Figure 1: ERCOT North Electricity Forward Curve from 5
This market phenomenon was mostly driven by the significant backwardation of summer on-peak prices (the spikes in Figure 2). And even though there was a minor drop year-over-year in the winter values (the smaller humps in Figure 2), the dramatic decrease in summer on-peak power prices that was a primary driver of lower futures prices. This produced record low retail electricity prices in ERCOT, where summer usage and prices dictate market movements.
Figure 2: ERCOT North Electricity Forward Curve from 5
Over the last year there has been a reversal of trends, with the outer years (2024 – 2029) beginning to rise, while the closer years (2021 – 2023) staying range bound within a $4/MWh trading range as shown in Figure 3.
Figure 3: Calendar Year Wholesale Electricity ERCOT North from 5
What has been surprising is that it isn’t the rally of the summer on-peak months that is bringing up the outer years. The rally in the outer years seems to be driven by price increases in the non-summer months and off-peak periods. Prices for the non-summer months (October – April) beyond 2023 have rallied significantly compared to this time last year. This is shown in Figure 4 where the blue line is the forward curve from last November and the black line is the current forward curve. This chart shows that while summer on-peak prices have continued to fall, prices in the non-summer months have rallied.
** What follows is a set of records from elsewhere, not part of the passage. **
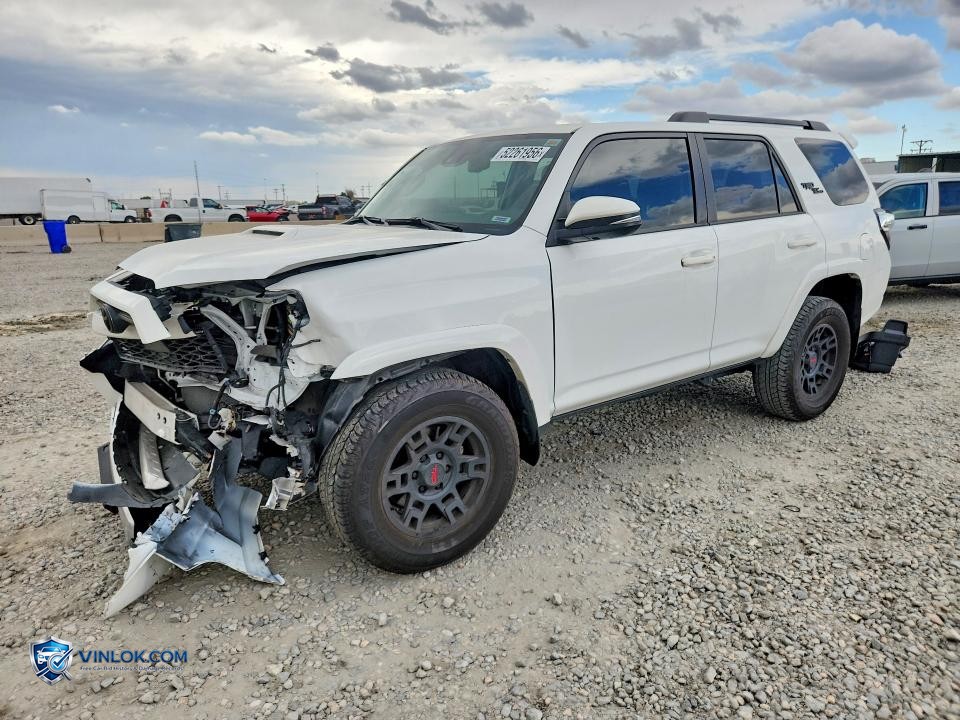 2024 TOYOTA 4RUNNER TRD OFF-ROAD PREMIUM – Lot 52261956 auction photo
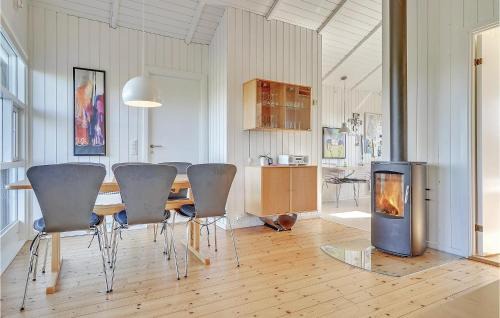 Vejers Strand House | Three-Bedroom Holiday Home In Vejers Strand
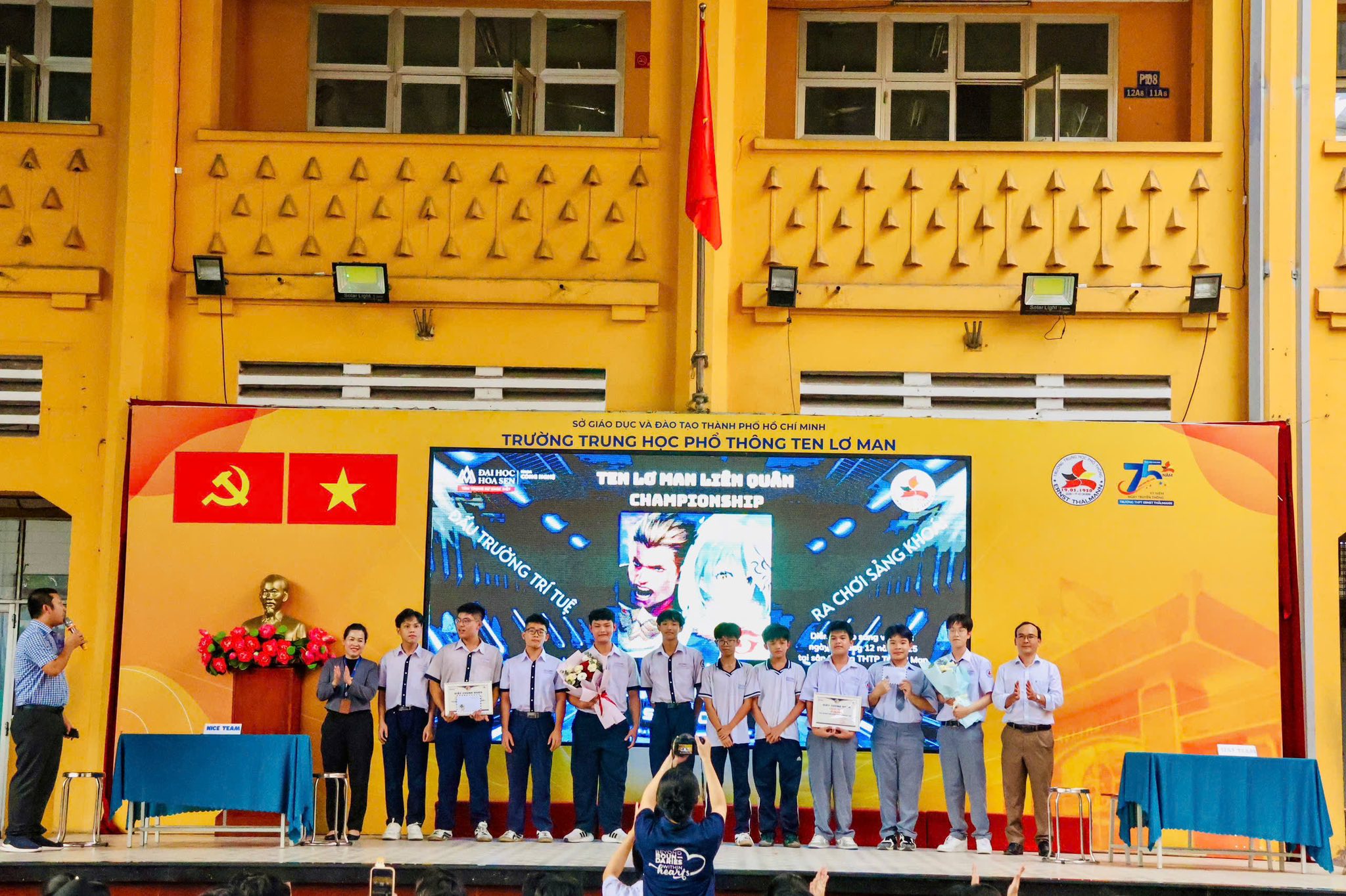 ĐH Hoa Sen đồng hành cùng THPT Ten Lơ Man trong Giải Liên Quân Championship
Figure 4: ERCOT Houston Electricity Forward Curve from 5
The rise in the non-summer months, along with the rally in off-peak prices (all night and weekend hours) has caused prices in the outer calendar years to increase by over $7/MWh as shown in Figure 5. This can be attributed to multiple drivers summarized below.
Figure 5: ERCOT Houston Electricity Forward Curve from 5
- Increased reliance on renewable generation - As the state’s generation fleet is made up more and more from renewable generation, it becomes increasingly difficult to rely on that generation to economically dispatch when it is needed the most, as evidenced by California’s rolling blackouts this summer. This can also be seen on cold North Texas mornings, when electricity demand ramps quickly in the early morning hours, before the sun rises, when the wind is calm, and both solar and wind generating assets can’t keep up with rising demand.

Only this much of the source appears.